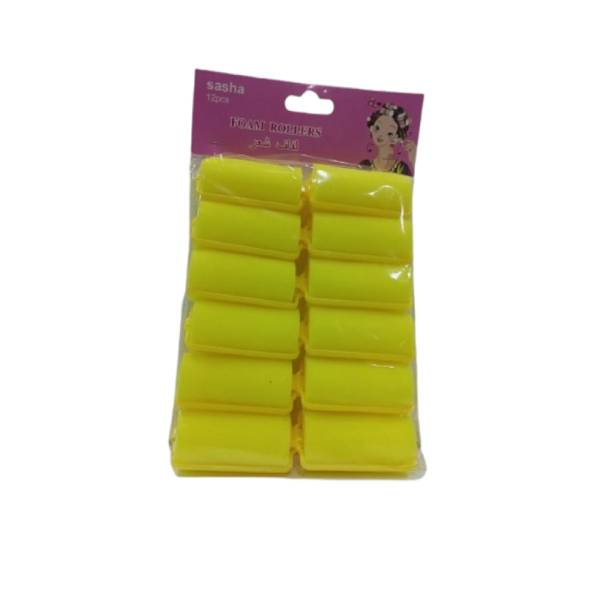Sasha Hair Roll 12pc 04903 Medium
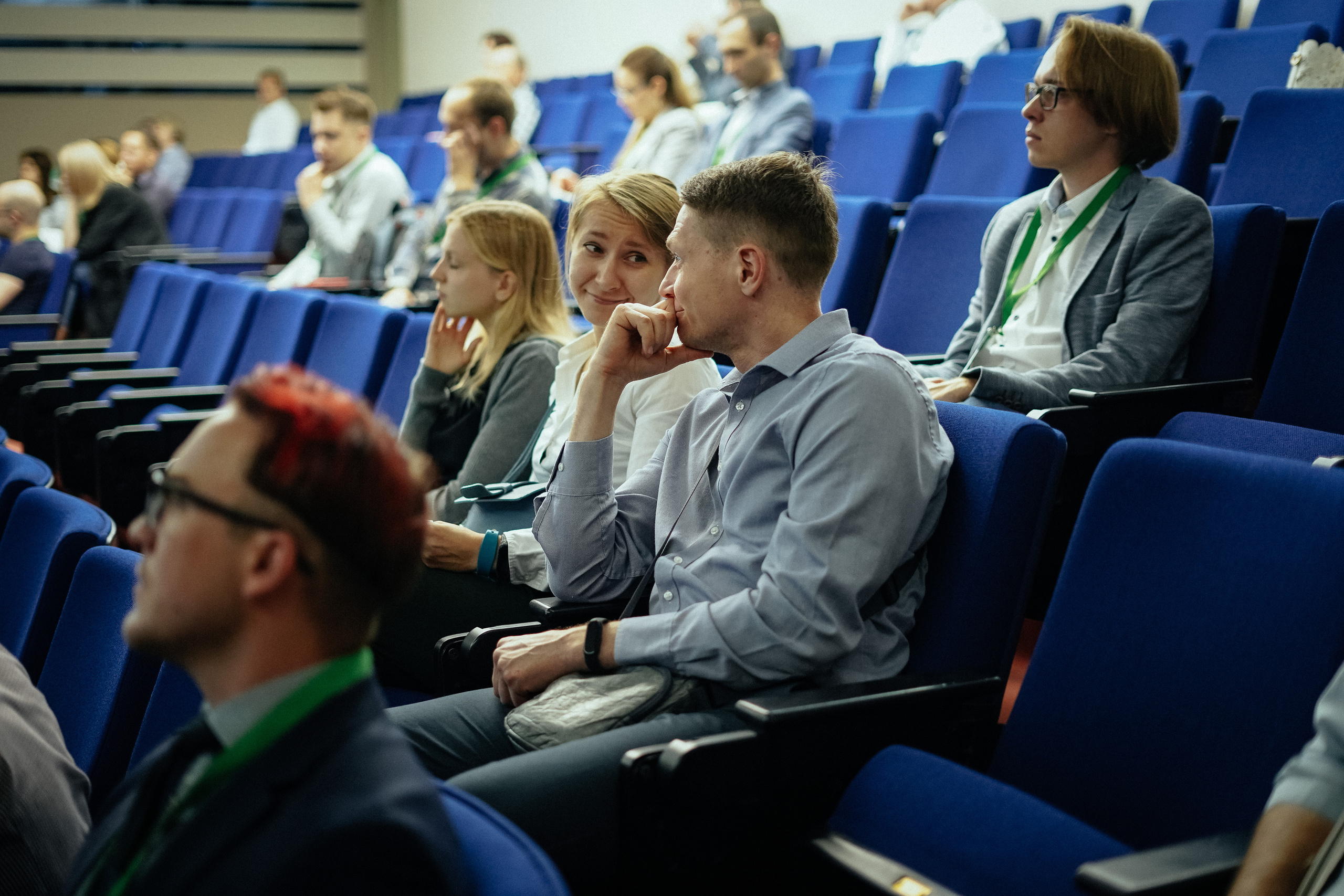 Научная конференция. Репортажный фотограф в Новосибирске. Алексей Гриценко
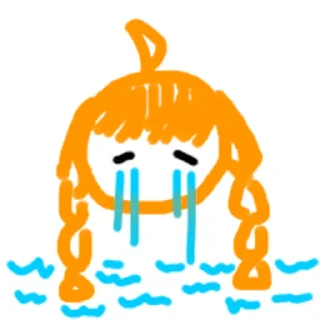 Sticker from 桔子娘
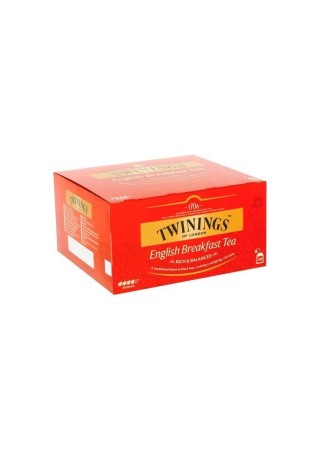 Twinings de Londres English Breakfast Thé 50 pc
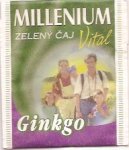 Millenium - zelený vital - ginkgo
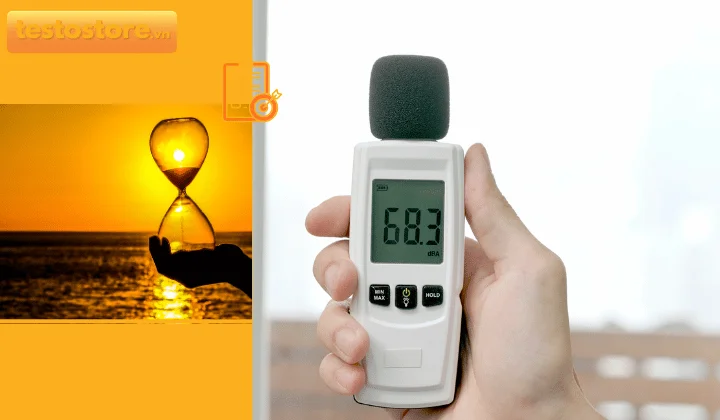 Kiểm tra và đồng bộ thời gian trên máy đo trước khi bắt đầu đo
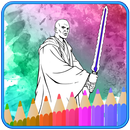 How To Color Star Wars Adult Coloring Pages APK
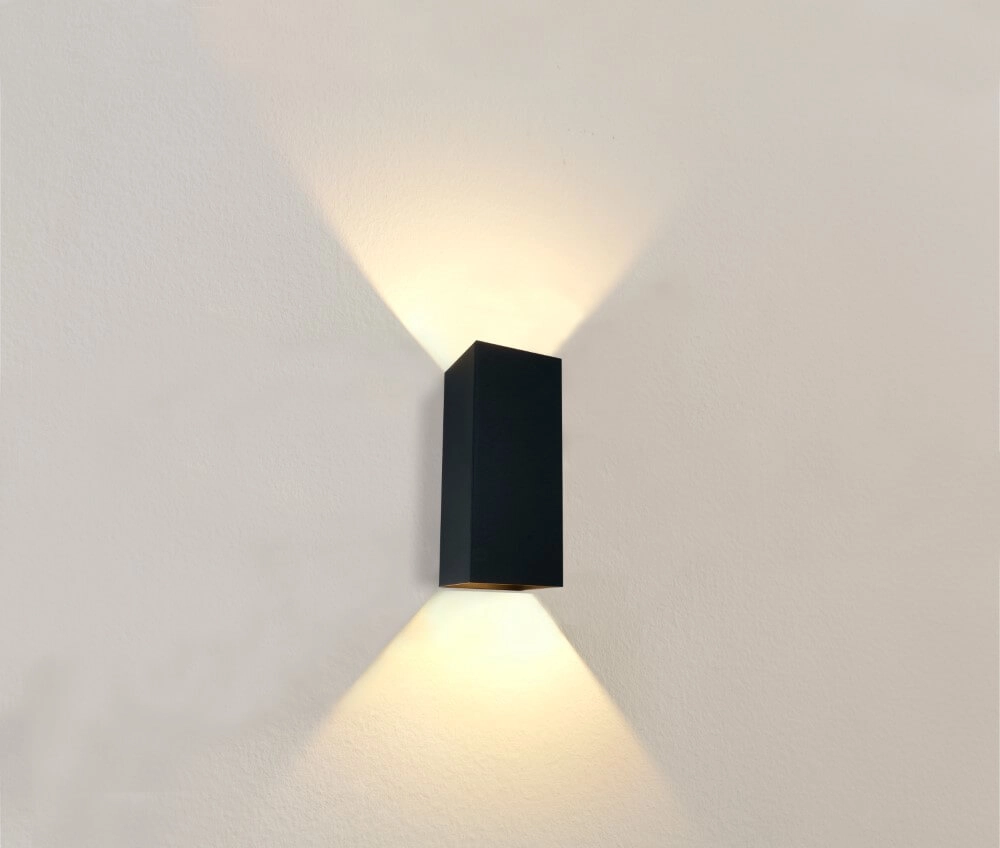 Wandlampe Dante XL Schwarz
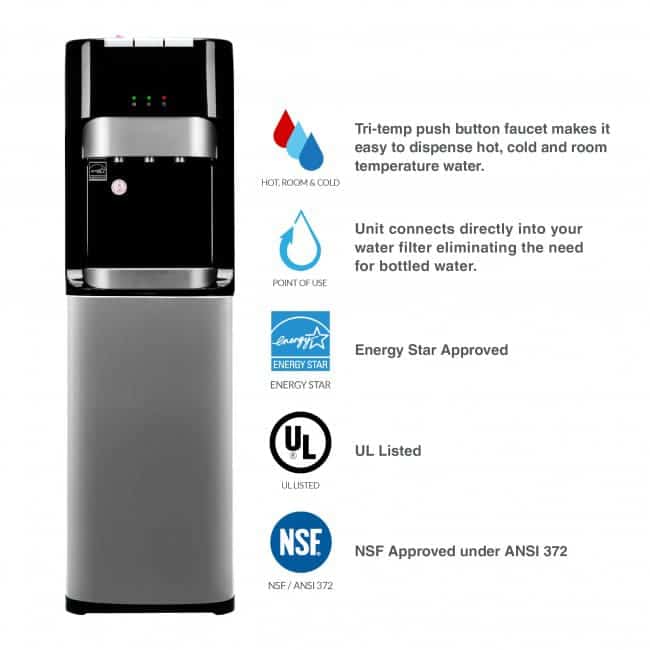 Point of Use Water Dispenser | CoolWater 500 - Image 4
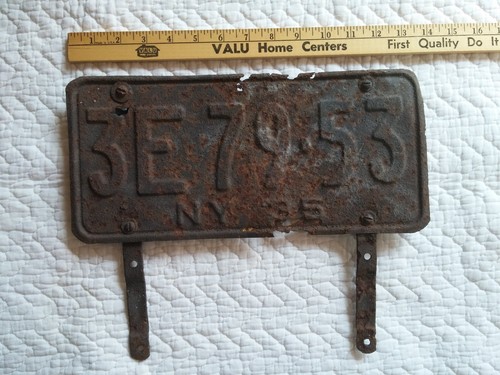 New york state 1935 - 35,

:: What to do ::
Repeat the full listing above exactly, with no pictures in the copy.

:: Your solution ::
Sasha Hair Roll 12pc 04903 Medium
 Научная конференция. Репортажный фотограф в Новосибирске. Алексей Гриценко
 Sticker from 桔子娘
 Twinings de Londres English Breakfast Thé 50 pc
 Millenium - zelený vital - ginkgo
 Kiểm tra và đồng bộ thời gian trên máy đo trước khi bắt đầu đo
 How To Color Star Wars Adult Coloring Pages APK
 Wandlampe Dante XL Schwarz
 Point of Use Water Dispenser | CoolWater 500 - Image 4
 New york state 1935 - 35,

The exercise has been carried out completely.